Imperfect as we are, with little demons in us, the beauty of this love is that we too are entrusted with the responsibility to teach. We have opportunities every day to cooperate with this authority. Words without action is hollow. Today we are better skilled at choosing the right words but they are more harmful if they camouflage the demon of self-centredness.

Jesus was sent to be among us. The first reading, “The Lord your God will raise up for you a prophet like myself, from among yourselves, from your own brothers; to him you must listen.” It adds, “But the prophet who presumes to say in my name a thing I have not commanded him to say, or who speaks in the name of other gods, that prophet shall die”.

We too are sent to be “among yourselves”, in the midst of our families, friends, colleagues and people God has put in our life. We are sent as instruments of his teaching and to demonstrate the action required to add authority to his teaching. This authority, this powerful force that overcome the unclean spirits is Love. We carry this message to others and express it by demonstrating it through action.

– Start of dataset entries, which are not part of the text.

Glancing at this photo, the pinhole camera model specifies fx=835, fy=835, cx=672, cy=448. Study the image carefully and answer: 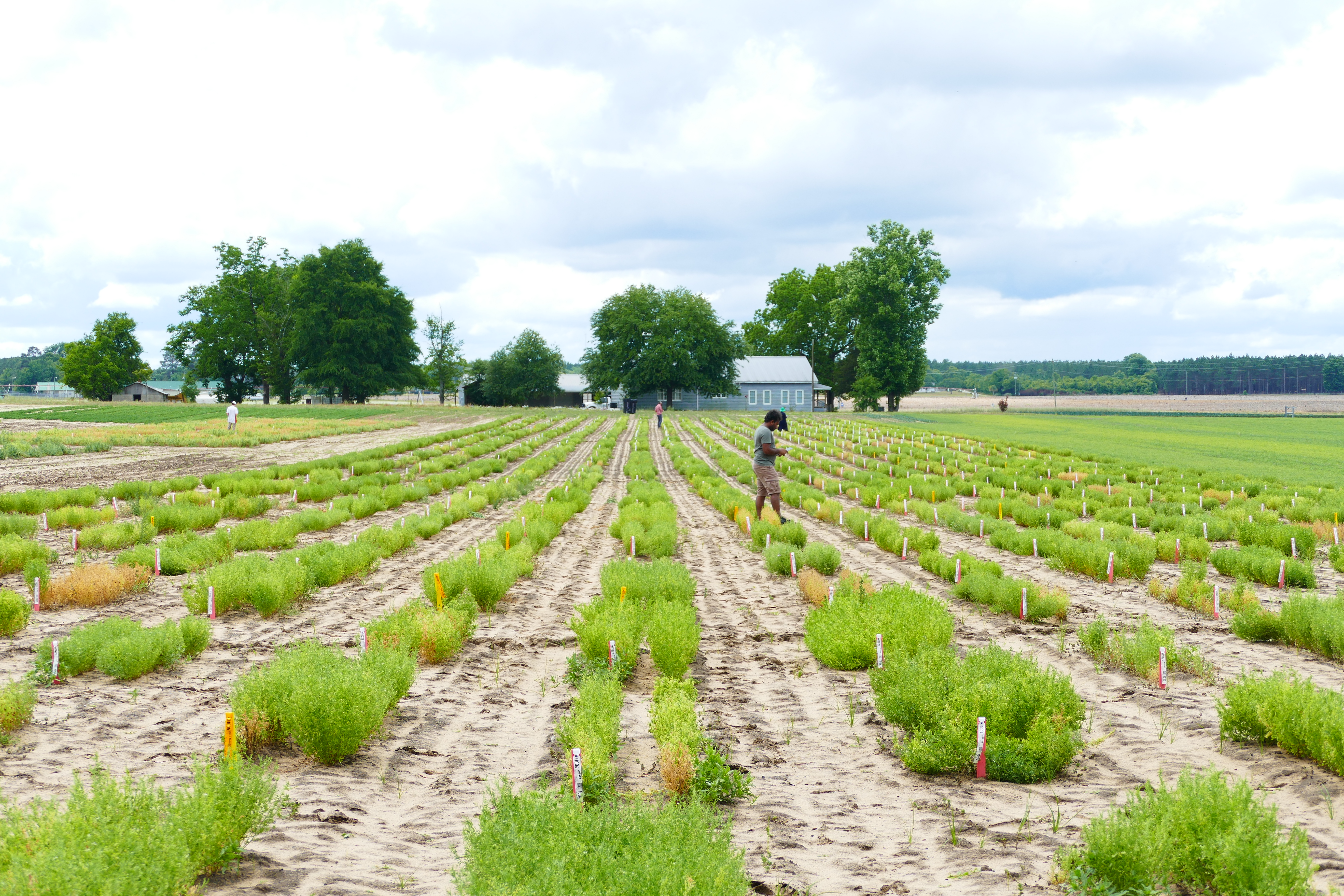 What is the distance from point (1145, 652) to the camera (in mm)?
7414

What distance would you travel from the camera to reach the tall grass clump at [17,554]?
11.0 meters

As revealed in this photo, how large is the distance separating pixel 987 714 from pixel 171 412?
75.0 m

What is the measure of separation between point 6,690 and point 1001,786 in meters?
6.85

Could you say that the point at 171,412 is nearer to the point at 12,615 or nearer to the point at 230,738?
the point at 12,615

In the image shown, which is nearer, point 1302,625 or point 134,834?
point 134,834

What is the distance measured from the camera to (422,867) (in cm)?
436

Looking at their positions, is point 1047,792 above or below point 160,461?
below

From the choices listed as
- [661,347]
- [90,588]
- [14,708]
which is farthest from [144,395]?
[14,708]

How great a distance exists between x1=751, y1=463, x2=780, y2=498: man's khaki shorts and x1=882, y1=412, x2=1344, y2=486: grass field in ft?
56.7

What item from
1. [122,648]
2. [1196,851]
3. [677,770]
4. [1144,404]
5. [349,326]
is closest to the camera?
[1196,851]

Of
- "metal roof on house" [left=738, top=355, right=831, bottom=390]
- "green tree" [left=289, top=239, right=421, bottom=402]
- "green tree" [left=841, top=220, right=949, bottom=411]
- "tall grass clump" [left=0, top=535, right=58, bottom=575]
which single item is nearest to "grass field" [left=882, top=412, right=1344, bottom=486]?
"green tree" [left=841, top=220, right=949, bottom=411]

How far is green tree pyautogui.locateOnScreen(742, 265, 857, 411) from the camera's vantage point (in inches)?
4104

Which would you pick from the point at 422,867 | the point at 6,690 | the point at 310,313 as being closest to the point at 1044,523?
the point at 422,867

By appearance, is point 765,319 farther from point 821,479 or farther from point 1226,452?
point 821,479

We are sent to be prophets, to be little prophets amongst the people in our own little world. We battle the little demons in us to produce better fruits. When our actions are felt and experienced, it gives authority to our teaching. We cannot underestimate the dramatic and remarkable consequence of how ours and another person’s life can changed through the power of love. We as little prophets, no doubt with little demons, are instruments of this.

We too can leave a deep impression on the life of others. “And his teaching left a deep impression on them because, unlike the scribes, he taught with authority”.

Capernaum

4th Sunday in Ordinary Time

Qualified as Fishers of Men

“Follow me ….. and I will make you into fishers of men”. This is a call today that goes out to every one of us, not just a pre-selected few. It says “I will make you into” meaning that if we accept this call and change our life to follow him, He will turn our vocation in life into being “fishers of men”.

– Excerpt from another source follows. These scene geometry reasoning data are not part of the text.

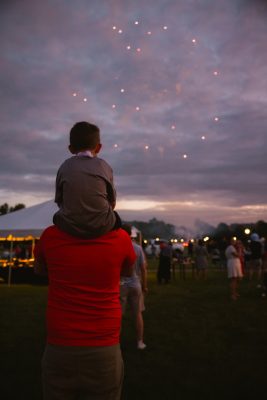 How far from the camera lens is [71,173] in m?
1.92

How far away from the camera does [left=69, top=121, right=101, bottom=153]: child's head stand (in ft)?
6.67

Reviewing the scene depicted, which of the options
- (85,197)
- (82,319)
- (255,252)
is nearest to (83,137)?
(85,197)

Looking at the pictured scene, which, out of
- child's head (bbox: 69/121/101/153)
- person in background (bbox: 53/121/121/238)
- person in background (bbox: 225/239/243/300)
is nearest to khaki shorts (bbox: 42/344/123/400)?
person in background (bbox: 53/121/121/238)

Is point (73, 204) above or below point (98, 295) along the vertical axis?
above

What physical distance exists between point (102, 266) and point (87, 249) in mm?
106

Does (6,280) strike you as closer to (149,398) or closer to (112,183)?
(149,398)

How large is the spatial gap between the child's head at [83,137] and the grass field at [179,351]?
3.69 meters

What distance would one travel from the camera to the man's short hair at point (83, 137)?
203 cm

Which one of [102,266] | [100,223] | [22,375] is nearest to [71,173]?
[100,223]

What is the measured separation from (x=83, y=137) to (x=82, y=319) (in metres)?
0.87

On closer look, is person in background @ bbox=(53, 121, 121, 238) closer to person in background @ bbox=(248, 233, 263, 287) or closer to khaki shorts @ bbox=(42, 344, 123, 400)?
khaki shorts @ bbox=(42, 344, 123, 400)

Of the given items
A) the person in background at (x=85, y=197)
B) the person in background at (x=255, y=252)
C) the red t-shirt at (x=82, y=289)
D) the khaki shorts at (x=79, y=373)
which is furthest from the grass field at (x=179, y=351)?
Result: the person in background at (x=255, y=252)

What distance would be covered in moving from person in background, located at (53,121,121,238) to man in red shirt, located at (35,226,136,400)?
62 millimetres

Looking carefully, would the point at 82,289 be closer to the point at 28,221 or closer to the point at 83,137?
the point at 83,137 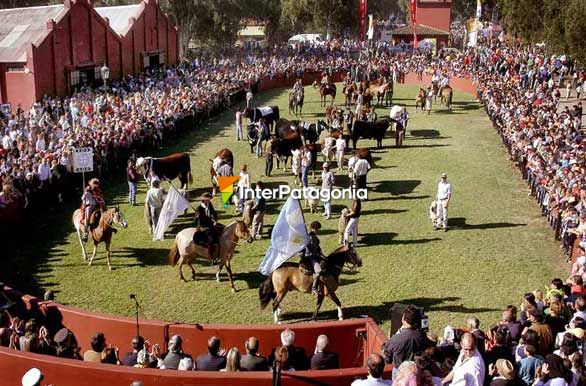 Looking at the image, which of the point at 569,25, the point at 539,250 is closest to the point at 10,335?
the point at 539,250

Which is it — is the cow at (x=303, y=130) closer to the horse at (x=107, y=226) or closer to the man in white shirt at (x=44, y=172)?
the man in white shirt at (x=44, y=172)

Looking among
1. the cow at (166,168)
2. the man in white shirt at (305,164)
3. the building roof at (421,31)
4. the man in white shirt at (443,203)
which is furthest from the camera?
the building roof at (421,31)

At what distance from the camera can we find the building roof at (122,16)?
42.0m

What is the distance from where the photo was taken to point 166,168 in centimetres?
2005

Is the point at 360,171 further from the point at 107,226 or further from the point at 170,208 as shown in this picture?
the point at 107,226

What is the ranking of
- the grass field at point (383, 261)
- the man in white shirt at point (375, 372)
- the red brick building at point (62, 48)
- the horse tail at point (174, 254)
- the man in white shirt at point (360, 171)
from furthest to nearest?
1. the red brick building at point (62, 48)
2. the man in white shirt at point (360, 171)
3. the horse tail at point (174, 254)
4. the grass field at point (383, 261)
5. the man in white shirt at point (375, 372)

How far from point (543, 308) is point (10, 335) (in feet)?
26.3

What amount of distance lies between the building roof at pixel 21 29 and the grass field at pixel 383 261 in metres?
14.9

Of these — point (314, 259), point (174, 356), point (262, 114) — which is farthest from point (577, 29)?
point (174, 356)

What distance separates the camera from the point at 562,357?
7.61 meters

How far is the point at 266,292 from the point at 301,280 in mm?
743

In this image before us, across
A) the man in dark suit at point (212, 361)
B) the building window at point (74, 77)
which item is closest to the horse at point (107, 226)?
the man in dark suit at point (212, 361)

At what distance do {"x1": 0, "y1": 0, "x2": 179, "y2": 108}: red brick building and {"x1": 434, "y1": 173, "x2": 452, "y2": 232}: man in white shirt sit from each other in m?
23.1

The first reading speaks of Jonah who initially rejected this call until he had his encounter with the whale. Most of us are like Jonah; we wish not to hear any call. We don’t want changes, and we certainly don’t want a tougher life. Call someone else, but please we pray, make our life better. Until we encounter our own whale.

We also enter into an argument with the Lord by showing him our busy daily schedule suggesting that our vocation in life is elsewhere. Lastly we will say we don’t know enough and truly we are not good enough. But the truth is “I will make you into” brings to life what we have always been hearing, “God does not call the qualified, He qualifies the called”.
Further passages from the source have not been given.